Assignment:
From the listing that follows, reproduce only the lines from the one holding "In Lesson 10, we're" through the one holding "To recap: tracheids", both included, with no pictures.
Exercise data: Begin
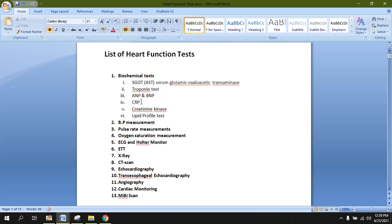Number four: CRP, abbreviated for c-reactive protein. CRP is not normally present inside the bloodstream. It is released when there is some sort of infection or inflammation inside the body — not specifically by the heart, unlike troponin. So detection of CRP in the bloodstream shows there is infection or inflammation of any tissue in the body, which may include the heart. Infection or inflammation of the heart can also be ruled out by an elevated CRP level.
Exercise data: End
Exercise data: Begin
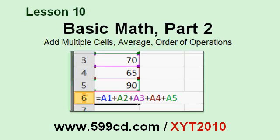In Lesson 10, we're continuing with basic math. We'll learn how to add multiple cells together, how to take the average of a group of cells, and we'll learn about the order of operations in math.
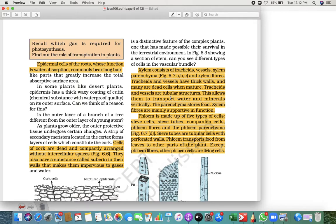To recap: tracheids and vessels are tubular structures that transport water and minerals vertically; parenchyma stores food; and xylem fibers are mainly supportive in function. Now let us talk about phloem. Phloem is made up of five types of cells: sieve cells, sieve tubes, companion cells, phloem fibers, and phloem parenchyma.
Exercise data: End
Written response:
In Lesson 10, we're continuing with basic math. We'll learn how to add multiple cells together, how to take the average of a group of cells, and we'll learn about the order of operations in math.
To recap: tracheids and vessels are tubular structures that transport water and minerals vertically; parenchyma stores food; and xylem fibers are mainly supportive in function. Now let us talk about phloem. Phloem is made up of five types of cells: sieve cells, sieve tubes, companion cells, phloem fibers, and phloem parenchyma.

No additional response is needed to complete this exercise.